Crónica íntima de una discapacitada en el Paseo Machadiano
El Paseo Machadiano en Baeza siempre tiene algo de rito: las calles se vuelven verso, las rosas parecen latir en las manos y la memoria de Antonio Machado camina despacio entre nosotros. Yo iba feliz. Había escrito mi poema homenaje al poeta y lo llevaba conmigo como quien guarda una pequeña ofrenda. Me sentía parte de la belleza de esa mañana.
Pero ocurrió lo de siempre.
Hablar en público —y más aún improvisar— es para mí como cruzar un puente colgante. Desde pequeña me pasa. Las palabras, que en el papel son casa, en la boca se vuelven pájaros asustados.
No tenía previsto leer a Machado. Sin embargo, al ver a los demás, tan valientes, tan serenos, me animé.

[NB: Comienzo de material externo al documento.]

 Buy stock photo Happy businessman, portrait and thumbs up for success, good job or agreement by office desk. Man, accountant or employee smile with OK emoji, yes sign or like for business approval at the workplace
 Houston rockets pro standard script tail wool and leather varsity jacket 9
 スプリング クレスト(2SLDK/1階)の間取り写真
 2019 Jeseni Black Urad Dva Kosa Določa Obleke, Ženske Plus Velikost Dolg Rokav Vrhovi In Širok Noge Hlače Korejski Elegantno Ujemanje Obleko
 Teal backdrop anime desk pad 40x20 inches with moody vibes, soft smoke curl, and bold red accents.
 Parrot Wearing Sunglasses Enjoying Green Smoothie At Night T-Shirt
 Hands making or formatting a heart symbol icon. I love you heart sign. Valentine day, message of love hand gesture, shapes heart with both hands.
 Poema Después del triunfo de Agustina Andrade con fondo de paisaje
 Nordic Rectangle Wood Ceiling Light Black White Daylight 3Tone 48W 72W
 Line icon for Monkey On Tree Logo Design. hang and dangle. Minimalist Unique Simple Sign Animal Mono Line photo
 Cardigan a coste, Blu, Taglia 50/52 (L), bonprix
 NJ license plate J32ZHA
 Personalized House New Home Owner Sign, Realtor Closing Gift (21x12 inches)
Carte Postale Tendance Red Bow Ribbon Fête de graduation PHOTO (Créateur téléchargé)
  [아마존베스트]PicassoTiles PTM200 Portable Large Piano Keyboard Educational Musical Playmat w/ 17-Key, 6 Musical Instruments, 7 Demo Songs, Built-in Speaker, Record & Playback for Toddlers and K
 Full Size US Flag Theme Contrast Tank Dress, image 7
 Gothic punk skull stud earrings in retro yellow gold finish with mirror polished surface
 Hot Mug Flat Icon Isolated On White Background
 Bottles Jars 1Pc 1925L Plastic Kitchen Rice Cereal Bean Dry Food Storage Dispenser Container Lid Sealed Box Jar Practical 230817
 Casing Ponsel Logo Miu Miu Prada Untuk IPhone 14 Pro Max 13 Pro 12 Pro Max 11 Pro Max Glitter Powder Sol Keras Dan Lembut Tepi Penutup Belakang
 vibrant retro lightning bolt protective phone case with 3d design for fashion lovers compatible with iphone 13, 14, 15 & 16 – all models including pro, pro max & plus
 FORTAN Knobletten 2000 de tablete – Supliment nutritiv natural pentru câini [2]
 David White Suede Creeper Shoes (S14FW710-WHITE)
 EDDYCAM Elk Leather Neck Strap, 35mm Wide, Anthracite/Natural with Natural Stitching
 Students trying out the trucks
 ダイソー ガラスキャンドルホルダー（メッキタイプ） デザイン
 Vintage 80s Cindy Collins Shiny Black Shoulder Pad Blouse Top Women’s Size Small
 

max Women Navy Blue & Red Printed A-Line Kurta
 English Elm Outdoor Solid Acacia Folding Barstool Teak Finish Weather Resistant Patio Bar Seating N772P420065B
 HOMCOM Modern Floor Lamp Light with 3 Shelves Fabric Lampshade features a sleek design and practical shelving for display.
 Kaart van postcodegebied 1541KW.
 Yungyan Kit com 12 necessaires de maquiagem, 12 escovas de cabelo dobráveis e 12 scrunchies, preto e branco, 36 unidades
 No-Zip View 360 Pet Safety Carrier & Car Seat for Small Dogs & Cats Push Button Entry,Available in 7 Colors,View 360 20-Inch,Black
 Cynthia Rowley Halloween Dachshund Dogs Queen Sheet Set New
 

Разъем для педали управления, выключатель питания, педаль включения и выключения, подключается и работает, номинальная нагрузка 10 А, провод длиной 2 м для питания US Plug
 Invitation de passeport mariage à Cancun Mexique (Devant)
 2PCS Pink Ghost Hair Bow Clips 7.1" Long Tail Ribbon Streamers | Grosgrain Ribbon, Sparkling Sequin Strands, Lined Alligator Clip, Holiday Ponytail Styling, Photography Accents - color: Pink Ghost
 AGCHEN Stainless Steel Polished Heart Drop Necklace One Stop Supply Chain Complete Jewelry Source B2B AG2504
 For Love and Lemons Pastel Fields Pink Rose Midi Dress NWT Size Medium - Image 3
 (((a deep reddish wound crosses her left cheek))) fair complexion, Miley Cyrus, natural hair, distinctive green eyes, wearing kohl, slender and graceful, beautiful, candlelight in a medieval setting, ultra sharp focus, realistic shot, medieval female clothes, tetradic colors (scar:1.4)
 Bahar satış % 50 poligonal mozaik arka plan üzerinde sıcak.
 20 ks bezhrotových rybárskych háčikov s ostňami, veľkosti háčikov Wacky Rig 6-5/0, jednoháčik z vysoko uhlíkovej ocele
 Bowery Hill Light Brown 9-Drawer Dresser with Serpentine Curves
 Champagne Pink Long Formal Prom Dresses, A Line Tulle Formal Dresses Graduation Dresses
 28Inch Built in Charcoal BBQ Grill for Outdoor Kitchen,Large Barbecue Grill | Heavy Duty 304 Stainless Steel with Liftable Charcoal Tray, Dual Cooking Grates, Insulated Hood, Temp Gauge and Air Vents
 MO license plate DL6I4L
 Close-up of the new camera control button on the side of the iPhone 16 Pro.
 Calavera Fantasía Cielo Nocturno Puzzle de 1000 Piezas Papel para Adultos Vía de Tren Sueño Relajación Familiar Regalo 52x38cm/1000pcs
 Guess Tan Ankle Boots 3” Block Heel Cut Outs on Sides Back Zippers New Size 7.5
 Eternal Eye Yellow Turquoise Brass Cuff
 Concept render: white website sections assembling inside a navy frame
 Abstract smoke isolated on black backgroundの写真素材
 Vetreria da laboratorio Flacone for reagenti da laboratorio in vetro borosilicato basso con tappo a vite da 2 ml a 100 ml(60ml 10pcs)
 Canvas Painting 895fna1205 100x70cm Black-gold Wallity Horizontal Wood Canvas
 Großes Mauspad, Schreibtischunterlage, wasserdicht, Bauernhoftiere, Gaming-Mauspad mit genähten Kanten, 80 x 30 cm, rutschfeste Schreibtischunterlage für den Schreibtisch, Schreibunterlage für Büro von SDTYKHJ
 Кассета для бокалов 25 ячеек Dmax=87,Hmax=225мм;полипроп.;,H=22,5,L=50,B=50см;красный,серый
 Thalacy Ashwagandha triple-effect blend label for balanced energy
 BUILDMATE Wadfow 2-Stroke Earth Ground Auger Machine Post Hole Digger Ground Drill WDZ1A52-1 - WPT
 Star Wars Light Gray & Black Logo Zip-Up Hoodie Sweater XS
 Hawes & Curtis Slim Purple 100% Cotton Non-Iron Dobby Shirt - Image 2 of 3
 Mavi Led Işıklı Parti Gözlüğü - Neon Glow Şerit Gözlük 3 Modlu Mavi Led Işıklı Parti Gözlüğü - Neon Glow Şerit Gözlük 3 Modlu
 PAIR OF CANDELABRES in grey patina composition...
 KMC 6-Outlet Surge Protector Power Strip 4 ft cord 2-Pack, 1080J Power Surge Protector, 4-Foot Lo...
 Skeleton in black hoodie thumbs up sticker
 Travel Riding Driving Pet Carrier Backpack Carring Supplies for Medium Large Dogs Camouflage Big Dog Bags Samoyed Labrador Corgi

Busqué el poema en el móvil y empecé:
“Se ha asomado una cigüeña a lo alto del campanario…”
Y ahí empezó el temblor.
No era el poema. Era mi voz.
Era mi mente diciéndome: no lo estás haciendo bien.
Era ese instante en el que una desea desaparecer, que la tierra se abra y te trague con delicadeza.
Pensé: sigue, sigue y acaba.
Y acabé.
Con el ego por los suelos.
Quise repararlo leyendo mi propio poema, como quien intenta recoger un jarrón roto antes de que alguien vea los trozos. Pero Juanjo, con una sabiduría que solo tienen los que te quieren, me detuvo. Y hizo bien. Porque yo ya estaba trabada, herida por dentro, luchando contra mí misma.
Luego llegó la pregunta sencilla, limpia, sin juicio, de Mari Carmen:
—¿Qué te pasó, que te trabaste?
Y la respuesta fue igual de sencilla:
—La improvisación… no se puede improvisar.
La discapacidad invisible y el diálogo con el ego
Hay discapacidades que no se ven.
No llevan silla de ruedas ni bastón.
No despiertan la compasión inmediata del mundo.
Son esas que aparecen cuando tienes que hablar sin red, cuando la mente corre más que la lengua, cuando el corazón late tan fuerte que desordena las sílabas.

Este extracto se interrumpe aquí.